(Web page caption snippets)
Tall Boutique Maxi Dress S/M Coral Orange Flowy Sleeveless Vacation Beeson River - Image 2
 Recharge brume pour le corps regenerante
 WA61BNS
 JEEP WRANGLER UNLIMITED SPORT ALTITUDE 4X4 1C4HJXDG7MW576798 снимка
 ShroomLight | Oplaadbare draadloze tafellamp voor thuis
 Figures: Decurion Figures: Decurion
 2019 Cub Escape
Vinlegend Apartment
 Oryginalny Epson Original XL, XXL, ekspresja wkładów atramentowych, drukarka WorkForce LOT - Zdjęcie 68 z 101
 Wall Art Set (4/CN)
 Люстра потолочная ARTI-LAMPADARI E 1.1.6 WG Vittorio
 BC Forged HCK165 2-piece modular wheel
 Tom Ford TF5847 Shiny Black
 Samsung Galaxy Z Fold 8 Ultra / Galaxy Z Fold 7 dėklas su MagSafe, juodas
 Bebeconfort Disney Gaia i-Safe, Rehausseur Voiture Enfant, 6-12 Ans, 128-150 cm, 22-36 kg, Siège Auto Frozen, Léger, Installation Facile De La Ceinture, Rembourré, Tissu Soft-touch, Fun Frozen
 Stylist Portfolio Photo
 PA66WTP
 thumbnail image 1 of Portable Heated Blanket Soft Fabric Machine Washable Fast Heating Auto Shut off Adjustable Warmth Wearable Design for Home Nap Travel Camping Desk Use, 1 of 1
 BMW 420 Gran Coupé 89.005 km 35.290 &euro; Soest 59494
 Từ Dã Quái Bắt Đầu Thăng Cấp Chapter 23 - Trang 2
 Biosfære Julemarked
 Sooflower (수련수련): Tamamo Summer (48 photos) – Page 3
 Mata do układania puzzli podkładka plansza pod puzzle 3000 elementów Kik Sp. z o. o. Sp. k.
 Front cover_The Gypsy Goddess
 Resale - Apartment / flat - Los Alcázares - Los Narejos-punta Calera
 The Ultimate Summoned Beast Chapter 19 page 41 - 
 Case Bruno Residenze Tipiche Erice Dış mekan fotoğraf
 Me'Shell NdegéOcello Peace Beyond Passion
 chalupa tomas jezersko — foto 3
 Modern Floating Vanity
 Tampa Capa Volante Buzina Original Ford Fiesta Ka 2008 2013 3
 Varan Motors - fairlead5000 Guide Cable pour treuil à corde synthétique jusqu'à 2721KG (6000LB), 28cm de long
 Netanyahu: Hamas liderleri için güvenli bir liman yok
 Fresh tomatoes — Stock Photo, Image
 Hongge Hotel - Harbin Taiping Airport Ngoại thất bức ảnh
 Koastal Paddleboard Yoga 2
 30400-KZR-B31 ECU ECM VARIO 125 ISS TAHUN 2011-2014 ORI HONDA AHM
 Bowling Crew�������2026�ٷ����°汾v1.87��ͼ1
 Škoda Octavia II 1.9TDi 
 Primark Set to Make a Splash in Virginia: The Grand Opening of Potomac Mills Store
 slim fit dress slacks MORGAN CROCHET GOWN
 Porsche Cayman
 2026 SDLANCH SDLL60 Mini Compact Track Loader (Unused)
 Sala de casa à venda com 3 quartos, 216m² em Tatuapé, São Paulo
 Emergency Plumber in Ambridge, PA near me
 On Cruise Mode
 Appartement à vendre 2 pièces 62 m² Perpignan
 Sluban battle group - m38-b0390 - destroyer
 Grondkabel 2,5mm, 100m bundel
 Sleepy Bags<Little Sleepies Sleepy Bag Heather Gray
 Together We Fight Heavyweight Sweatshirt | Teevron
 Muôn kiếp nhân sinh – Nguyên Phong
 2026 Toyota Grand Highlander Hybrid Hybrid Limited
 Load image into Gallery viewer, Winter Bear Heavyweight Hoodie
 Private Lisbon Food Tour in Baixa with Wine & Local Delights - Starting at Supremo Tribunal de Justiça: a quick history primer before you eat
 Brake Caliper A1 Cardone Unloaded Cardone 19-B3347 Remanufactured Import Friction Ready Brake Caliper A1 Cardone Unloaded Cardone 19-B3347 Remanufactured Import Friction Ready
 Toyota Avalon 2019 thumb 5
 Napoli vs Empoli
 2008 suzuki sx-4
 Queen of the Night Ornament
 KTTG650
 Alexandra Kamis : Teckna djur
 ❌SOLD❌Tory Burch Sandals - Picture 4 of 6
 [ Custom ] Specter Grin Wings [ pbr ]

**PROBLEM DETAILS**
Take the line above containing "ShroomLight | Oplaadbare", the line containing "thumbnail image 1", and all lines in between, and copy them exactly without anything else.

**WRITTEN RESPONSE**
 ShroomLight | Oplaadbare draadloze tafellamp voor thuis
 Figures: Decurion Figures: Decurion
 2019 Cub Escape
Vinlegend Apartment
 Oryginalny Epson Original XL, XXL, ekspresja wkładów atramentowych, drukarka WorkForce LOT - Zdjęcie 68 z 101
 Wall Art Set (4/CN)
 Люстра потолочная ARTI-LAMPADARI E 1.1.6 WG Vittorio
 BC Forged HCK165 2-piece modular wheel
 Tom Ford TF5847 Shiny Black
 Samsung Galaxy Z Fold 8 Ultra / Galaxy Z Fold 7 dėklas su MagSafe, juodas
 Bebeconfort Disney Gaia i-Safe, Rehausseur Voiture Enfant, 6-12 Ans, 128-150 cm, 22-36 kg, Siège Auto Frozen, Léger, Installation Facile De La Ceinture, Rembourré, Tissu Soft-touch, Fun Frozen
 Stylist Portfolio Photo
 PA66WTP
 thumbnail image 1 of Portable Heated Blanket Soft Fabric Machine Washable Fast Heating Auto Shut off Adjustable Warmth Wearable Design for Home Nap Travel Camping Desk Use, 1 of 1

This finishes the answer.